Friday Five: Colin Stetson, MSD, Bulb Records, Thunderbuck Ram, MEMCO mixes
Friday Five highlights music by Washtenaw County-associated artists and labels.
This week features a horror-movie soundtrack by Colin Stetson, an upbeat electronic album by MSD (Mike Dykehouse), a Bulb Records noise-rock compilation, wah-wah rock by Thunderbuck Ram, and a whole slew of techno and dance mixes by the MEMCO crew.

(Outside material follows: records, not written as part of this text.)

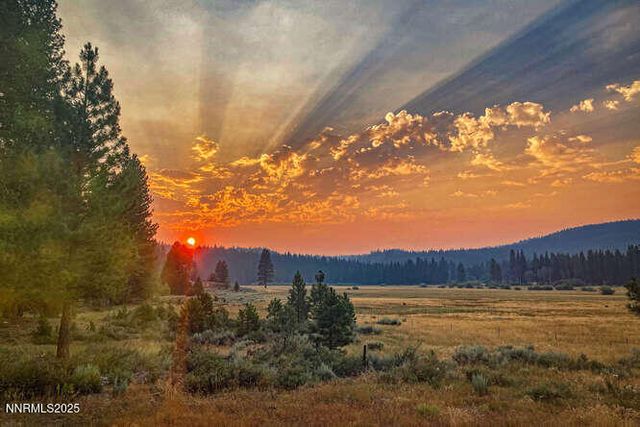 a view of a lake and a yard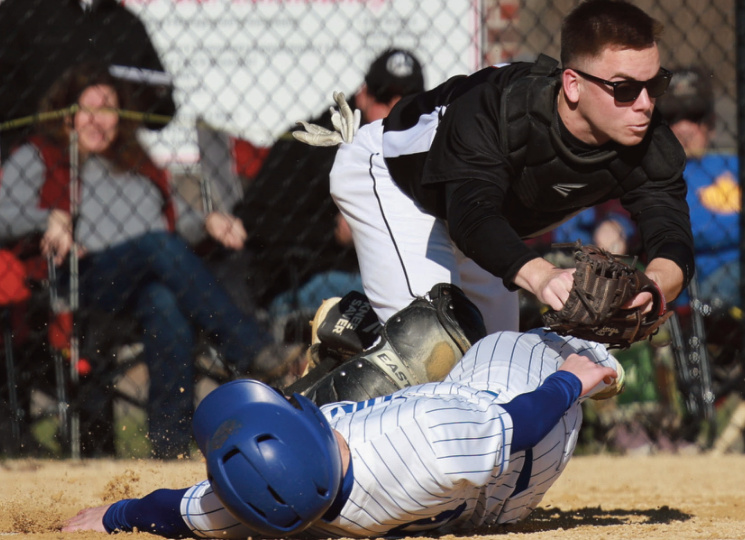 Iowa-Grant catcher Will Fulton tags out Mineral Point's Grady Finley at home plate Friday. Photo by John Dalton.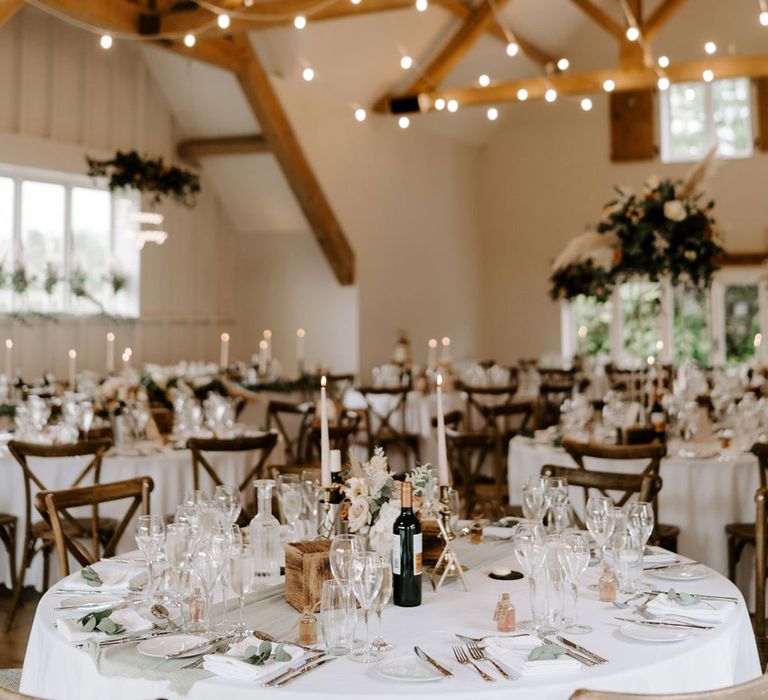 Sage green table runner and white tablecloths for round tables with white taper candles, pampas grass flower arrangements with fairy lights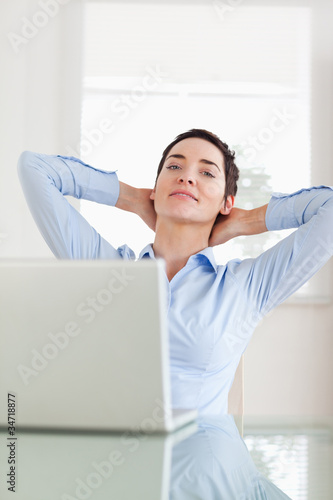 Photo: Relaxed businesswoman with a laptop looking into the camera Relaxed businesswoman with a laptop looking into the camera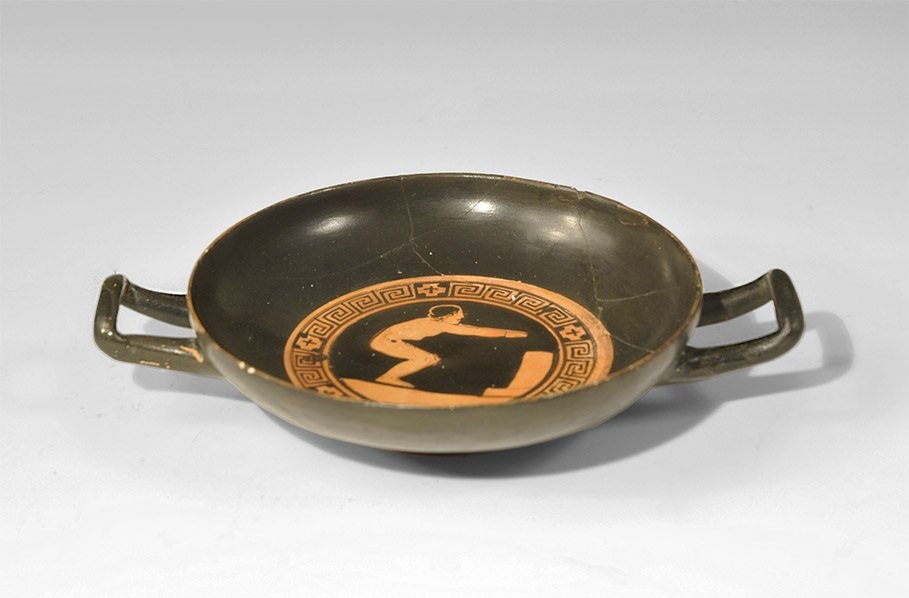 Greek Corinthian Style Painted Ceramic Kylix with: 19th century AD. A Grand Tour blackware kylix in 5th-3rd century AD style, with low base and two square handles; to the centre of the inner face a band of geometric ornament enclosing a crouching gymn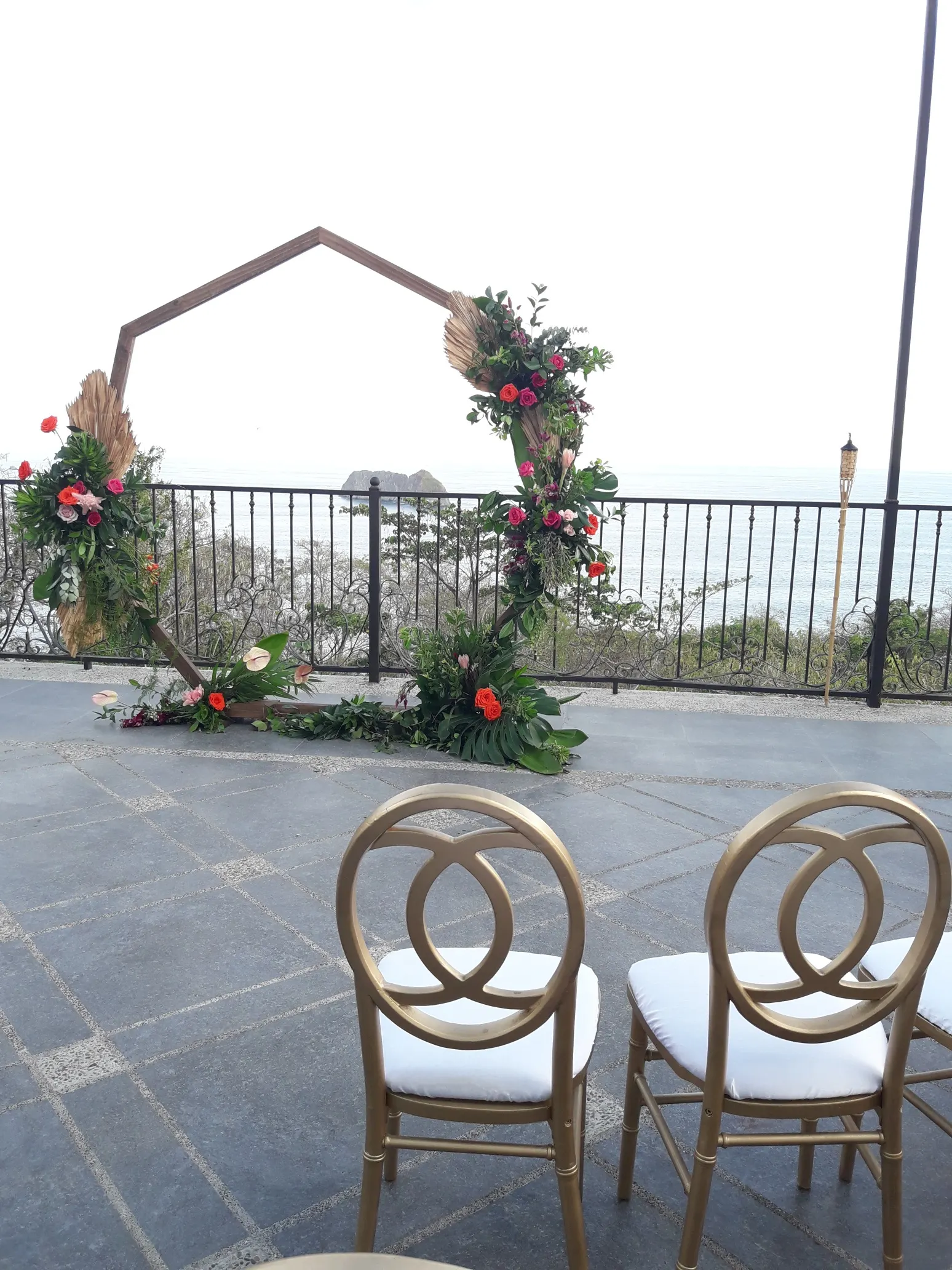 Arco geométrico de boda con rosas en cascada en una terraza con vista al mar, con sillas doradas frente al Pacífico.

Colin Stetson, The Texas Chainsaw Massacre soundtrack
Pioneer High School and U-M grad Colin Stetson has made his name playing solo baritone saxophone using a variety of extended techniques that are as physically demanding to produce as they are astounding to hear. But the Montreal-based musician is making a career out of being a soundtrack composer for TV and film, and his latest work in this genre is for Netflix's new remake of the horror classic The Texas Chainsaw Massacre. The soundtrack has just as many jump scares as the film—listen with the lights on. (Read our April 2018 interview with Stetson before his return to Ann Arbor to perform his interpretation of Górecki's Third Symphony.)
MSD, Charlton Trax
I speak for the Washtenaw County music community—and electronic music fans around the world—when I say this new album by Michael Dykehouse—aka MSD—is loooooooong overdue. I don't mean it's something he announced and failed to complete; the record just showed up out of the blue. But Dykehouse has been releasing tantalizing snippets of music on his Instagram page for the past five years—and every track is a certified banger. Yet the Ann Arbor artist seemed reluctant to pull together the tunes into a proper release—or even turn the fragments into full-length pieces—despite EVERYONE begging him to do both of those things in the comments under every post. Charlton Trax displays Dykehouse's mastery of all genres of electronic music, from modular and techno to electro and house—the album even ends with an ambient track—and the record was well worth the wait. (Just don't make us wait again, Mike—your music is too good and your talent too large not to bless the world with it on the regular.)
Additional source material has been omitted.